[Information given Boundary: Start]

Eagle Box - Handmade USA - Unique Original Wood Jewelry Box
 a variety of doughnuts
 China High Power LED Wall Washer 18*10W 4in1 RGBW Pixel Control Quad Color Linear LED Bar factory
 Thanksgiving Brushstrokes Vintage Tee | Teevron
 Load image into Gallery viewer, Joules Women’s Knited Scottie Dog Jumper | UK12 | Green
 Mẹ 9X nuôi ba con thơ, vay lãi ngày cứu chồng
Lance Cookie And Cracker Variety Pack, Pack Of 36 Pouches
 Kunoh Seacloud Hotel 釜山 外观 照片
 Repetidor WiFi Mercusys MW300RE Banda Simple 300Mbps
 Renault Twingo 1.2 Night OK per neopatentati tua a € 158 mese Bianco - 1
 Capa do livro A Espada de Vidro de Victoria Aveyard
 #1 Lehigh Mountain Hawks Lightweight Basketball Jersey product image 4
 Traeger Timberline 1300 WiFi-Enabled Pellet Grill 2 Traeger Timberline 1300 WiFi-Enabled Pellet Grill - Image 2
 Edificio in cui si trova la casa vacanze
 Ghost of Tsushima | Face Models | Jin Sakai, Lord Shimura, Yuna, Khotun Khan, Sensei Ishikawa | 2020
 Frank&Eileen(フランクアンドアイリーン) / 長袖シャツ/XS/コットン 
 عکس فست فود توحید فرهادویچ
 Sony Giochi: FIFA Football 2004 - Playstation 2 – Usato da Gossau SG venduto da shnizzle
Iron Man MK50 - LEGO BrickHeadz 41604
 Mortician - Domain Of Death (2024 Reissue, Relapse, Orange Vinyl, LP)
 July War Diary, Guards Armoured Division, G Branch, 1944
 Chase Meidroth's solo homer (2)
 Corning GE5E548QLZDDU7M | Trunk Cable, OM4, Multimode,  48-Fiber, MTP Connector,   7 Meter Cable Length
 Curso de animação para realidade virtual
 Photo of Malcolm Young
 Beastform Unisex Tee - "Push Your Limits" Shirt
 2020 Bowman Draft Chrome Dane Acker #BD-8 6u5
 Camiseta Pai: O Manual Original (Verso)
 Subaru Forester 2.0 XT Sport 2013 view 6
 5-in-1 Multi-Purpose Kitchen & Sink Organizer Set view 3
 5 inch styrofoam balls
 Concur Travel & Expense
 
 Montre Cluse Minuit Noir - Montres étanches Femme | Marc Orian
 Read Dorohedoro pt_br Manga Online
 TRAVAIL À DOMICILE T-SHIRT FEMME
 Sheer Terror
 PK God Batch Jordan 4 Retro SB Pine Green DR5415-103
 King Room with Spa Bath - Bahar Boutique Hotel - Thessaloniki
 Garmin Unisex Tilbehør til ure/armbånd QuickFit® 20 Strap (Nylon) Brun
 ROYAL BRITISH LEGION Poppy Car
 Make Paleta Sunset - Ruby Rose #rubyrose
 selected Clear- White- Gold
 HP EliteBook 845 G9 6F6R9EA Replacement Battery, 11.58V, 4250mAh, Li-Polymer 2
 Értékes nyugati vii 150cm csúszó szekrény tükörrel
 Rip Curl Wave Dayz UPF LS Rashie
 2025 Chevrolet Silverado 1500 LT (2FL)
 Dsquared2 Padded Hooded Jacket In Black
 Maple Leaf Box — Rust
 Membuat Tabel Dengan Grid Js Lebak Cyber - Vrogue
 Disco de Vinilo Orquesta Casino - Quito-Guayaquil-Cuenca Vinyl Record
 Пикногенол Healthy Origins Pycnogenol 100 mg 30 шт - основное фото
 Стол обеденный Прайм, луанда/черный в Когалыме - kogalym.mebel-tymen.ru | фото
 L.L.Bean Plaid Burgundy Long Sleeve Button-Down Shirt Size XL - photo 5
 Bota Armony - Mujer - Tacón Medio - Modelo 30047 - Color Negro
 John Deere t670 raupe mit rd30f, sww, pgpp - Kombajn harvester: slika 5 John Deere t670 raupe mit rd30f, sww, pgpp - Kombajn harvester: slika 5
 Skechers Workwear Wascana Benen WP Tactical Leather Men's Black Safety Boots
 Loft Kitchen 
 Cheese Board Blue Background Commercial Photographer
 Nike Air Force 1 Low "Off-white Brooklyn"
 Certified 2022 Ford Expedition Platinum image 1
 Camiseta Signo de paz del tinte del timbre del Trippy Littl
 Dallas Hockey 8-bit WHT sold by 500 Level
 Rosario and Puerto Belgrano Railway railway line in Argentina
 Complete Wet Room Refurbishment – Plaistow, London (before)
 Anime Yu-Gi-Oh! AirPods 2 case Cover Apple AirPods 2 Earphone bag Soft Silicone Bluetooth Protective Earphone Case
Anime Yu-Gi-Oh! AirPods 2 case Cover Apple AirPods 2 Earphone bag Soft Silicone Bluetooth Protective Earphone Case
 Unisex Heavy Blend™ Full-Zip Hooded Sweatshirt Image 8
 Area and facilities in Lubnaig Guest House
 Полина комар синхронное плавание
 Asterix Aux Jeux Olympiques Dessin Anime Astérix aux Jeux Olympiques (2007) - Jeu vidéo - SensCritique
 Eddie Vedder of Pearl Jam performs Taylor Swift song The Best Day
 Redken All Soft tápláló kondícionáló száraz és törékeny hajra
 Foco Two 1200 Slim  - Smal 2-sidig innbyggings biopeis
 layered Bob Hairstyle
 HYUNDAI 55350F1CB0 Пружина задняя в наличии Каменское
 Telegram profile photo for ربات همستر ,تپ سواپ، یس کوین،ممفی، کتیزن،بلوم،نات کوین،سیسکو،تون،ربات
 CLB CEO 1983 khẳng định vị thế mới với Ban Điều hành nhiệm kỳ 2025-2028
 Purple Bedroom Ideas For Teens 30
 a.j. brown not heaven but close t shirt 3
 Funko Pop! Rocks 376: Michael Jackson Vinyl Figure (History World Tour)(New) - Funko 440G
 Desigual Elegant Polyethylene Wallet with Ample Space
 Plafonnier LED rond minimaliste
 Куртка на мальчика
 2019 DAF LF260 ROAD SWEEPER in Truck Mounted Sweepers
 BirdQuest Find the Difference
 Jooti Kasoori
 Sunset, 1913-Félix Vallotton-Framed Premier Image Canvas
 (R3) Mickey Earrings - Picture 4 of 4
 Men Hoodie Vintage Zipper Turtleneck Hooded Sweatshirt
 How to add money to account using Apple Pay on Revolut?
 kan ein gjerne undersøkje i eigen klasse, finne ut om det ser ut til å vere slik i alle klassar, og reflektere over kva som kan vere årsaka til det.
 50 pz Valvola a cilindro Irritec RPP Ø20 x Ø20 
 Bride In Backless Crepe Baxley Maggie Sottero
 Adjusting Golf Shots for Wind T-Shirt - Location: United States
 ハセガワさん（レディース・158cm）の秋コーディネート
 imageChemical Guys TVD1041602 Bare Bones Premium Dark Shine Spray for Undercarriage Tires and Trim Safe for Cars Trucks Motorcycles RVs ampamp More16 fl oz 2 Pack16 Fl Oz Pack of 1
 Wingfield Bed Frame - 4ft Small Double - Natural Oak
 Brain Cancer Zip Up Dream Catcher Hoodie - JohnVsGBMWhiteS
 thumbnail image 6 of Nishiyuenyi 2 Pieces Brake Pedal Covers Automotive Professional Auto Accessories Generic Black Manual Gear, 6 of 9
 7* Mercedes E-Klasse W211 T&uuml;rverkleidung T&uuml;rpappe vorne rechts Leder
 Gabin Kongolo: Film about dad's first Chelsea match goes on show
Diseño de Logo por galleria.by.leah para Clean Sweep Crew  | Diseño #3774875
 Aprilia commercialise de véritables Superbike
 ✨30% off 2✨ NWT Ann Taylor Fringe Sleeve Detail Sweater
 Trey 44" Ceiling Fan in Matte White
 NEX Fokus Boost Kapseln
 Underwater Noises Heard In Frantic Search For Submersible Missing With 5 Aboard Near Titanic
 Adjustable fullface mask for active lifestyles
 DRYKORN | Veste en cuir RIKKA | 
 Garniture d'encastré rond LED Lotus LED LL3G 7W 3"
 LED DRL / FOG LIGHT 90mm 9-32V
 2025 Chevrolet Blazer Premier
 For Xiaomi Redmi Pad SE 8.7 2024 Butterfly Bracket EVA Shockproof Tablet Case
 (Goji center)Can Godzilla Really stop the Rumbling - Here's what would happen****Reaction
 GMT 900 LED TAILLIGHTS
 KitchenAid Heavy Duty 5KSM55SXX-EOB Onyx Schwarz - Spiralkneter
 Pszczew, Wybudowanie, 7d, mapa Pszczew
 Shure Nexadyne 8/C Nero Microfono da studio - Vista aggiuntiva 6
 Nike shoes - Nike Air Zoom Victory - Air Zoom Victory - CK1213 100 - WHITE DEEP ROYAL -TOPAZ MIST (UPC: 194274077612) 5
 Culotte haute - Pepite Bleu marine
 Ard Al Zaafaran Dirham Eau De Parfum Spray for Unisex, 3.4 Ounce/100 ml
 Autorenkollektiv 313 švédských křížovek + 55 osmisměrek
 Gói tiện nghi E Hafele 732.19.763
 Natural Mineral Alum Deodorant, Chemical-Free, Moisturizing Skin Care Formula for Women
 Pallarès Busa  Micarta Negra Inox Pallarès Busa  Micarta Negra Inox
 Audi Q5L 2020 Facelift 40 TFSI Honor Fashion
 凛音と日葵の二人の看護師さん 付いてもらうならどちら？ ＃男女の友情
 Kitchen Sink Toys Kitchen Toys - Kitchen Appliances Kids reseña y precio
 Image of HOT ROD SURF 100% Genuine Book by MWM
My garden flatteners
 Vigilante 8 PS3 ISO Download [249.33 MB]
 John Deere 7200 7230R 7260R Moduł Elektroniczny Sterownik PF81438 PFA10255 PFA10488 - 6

[Information given Boundary: End]

Please write out, exactly as they appear above, only the lines in the stretch from the line with "How to add money" through the line with "Pszczew, Wybudowanie, 7d, mapa Pszczew".

 How to add money to account using Apple Pay on Revolut?
 kan ein gjerne undersøkje i eigen klasse, finne ut om det ser ut til å vere slik i alle klassar, og reflektere over kva som kan vere årsaka til det.
 50 pz Valvola a cilindro Irritec RPP Ø20 x Ø20 
 Bride In Backless Crepe Baxley Maggie Sottero
 Adjusting Golf Shots for Wind T-Shirt - Location: United States
 ハセガワさん（レディース・158cm）の秋コーディネート
 imageChemical Guys TVD1041602 Bare Bones Premium Dark Shine Spray for Undercarriage Tires and Trim Safe for Cars Trucks Motorcycles RVs ampamp More16 fl oz 2 Pack16 Fl Oz Pack of 1
 Wingfield Bed Frame - 4ft Small Double - Natural Oak
 Brain Cancer Zip Up Dream Catcher Hoodie - JohnVsGBMWhiteS
 thumbnail image 6 of Nishiyuenyi 2 Pieces Brake Pedal Covers Automotive Professional Auto Accessories Generic Black Manual Gear, 6 of 9
 7* Mercedes E-Klasse W211 T&uuml;rverkleidung T&uuml;rpappe vorne rechts Leder
 Gabin Kongolo: Film about dad's first Chelsea match goes on show
Diseño de Logo por galleria.by.leah para Clean Sweep Crew  | Diseño #3774875
 Aprilia commercialise de véritables Superbike
 ✨30% off 2✨ NWT Ann Taylor Fringe Sleeve Detail Sweater
 Trey 44" Ceiling Fan in Matte White
 NEX Fokus Boost Kapseln
 Underwater Noises Heard In Frantic Search For Submersible Missing With 5 Aboard Near Titanic
 Adjustable fullface mask for active lifestyles
 DRYKORN | Veste en cuir RIKKA | 
 Garniture d'encastré rond LED Lotus LED LL3G 7W 3"
 LED DRL / FOG LIGHT 90mm 9-32V
 2025 Chevrolet Blazer Premier
 For Xiaomi Redmi Pad SE 8.7 2024 Butterfly Bracket EVA Shockproof Tablet Case
 (Goji center)Can Godzilla Really stop the Rumbling - Here's what would happen****Reaction
 GMT 900 LED TAILLIGHTS
 KitchenAid Heavy Duty 5KSM55SXX-EOB Onyx Schwarz - Spiralkneter
 Pszczew, Wybudowanie, 7d, mapa Pszczew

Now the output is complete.